Repeat the listing exactly. Do not carry over any pictures.

▶ _Input data_:
++++++++++++++++++++
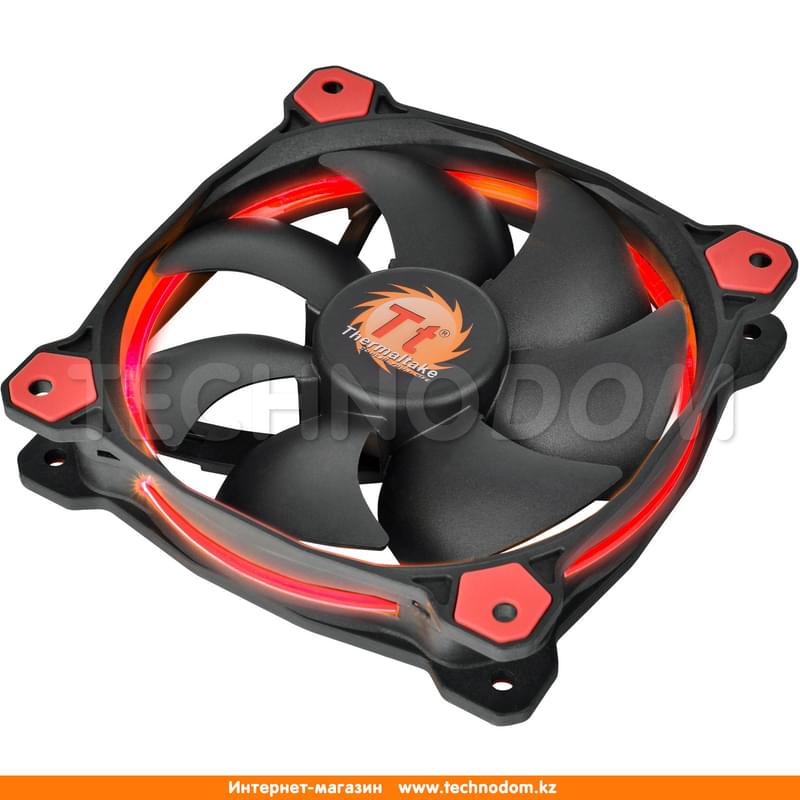 Кулер для кейса Thermaltake Riing 12 LED Red ATX (CL-F038-PL12RE-A) - фото #3, Technodom.kz Кулер для кейса Thermaltake Riing 12 LED Red ATX (CL-F038-PL12RE-A) - фото #3, Technodom.kz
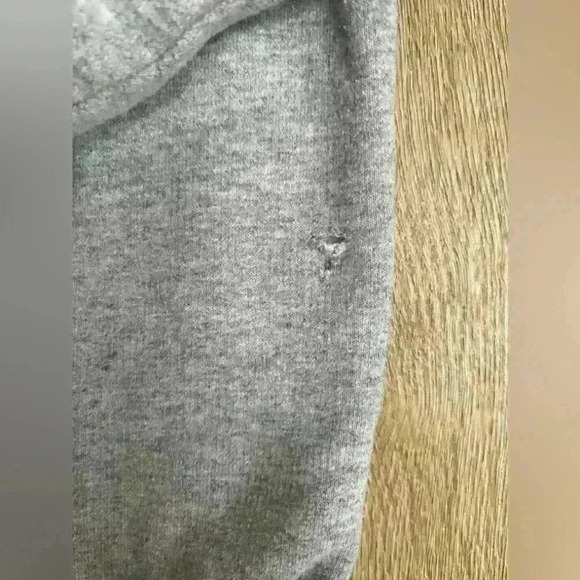 Champion Mens Crewneck Long Sleeve Sweatshirt Gray Classic Front Script Large - Picture 9 of 9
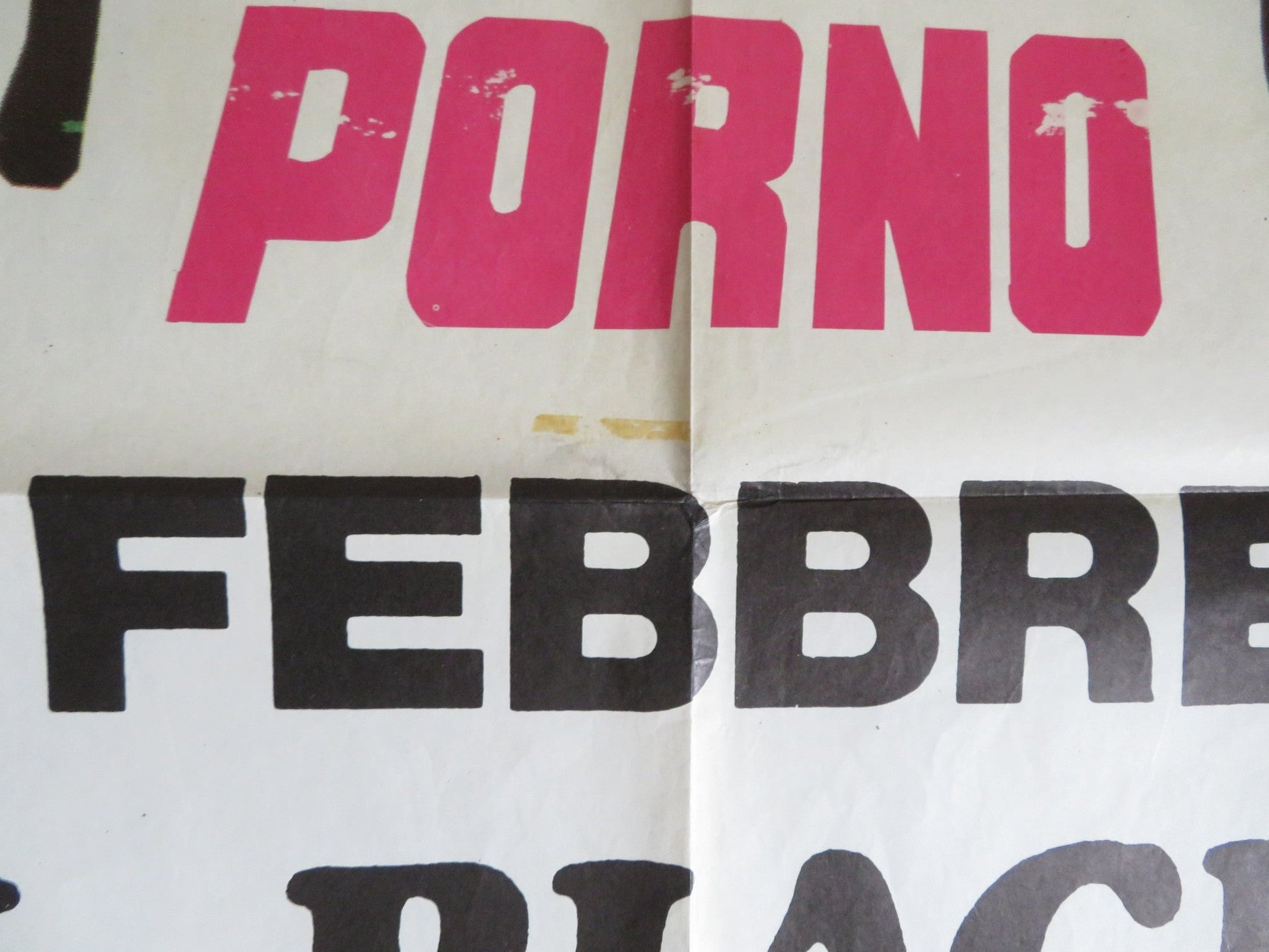 PORNO FEBBRE DEL PIACERE / L'APPEL ITALIAN 2 FOGLIO POSTER TILDA THAMAR 1974 Rendezvous Cinema Movie posters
++++++++++++++++++++
▶ _Your response_:
 Кулер для кейса Thermaltake Riing 12 LED Red ATX (CL-F038-PL12RE-A) - фото #3, Technodom.kz Кулер для кейса Thermaltake Riing 12 LED Red ATX (CL-F038-PL12RE-A) - фото #3, Technodom.kz
 Champion Mens Crewneck Long Sleeve Sweatshirt Gray Classic Front Script Large - Picture 9 of 9
 PORNO FEBBRE DEL PIACERE / L'APPEL ITALIAN 2 FOGLIO POSTER TILDA THAMAR 1974 Rendezvous Cinema Movie posters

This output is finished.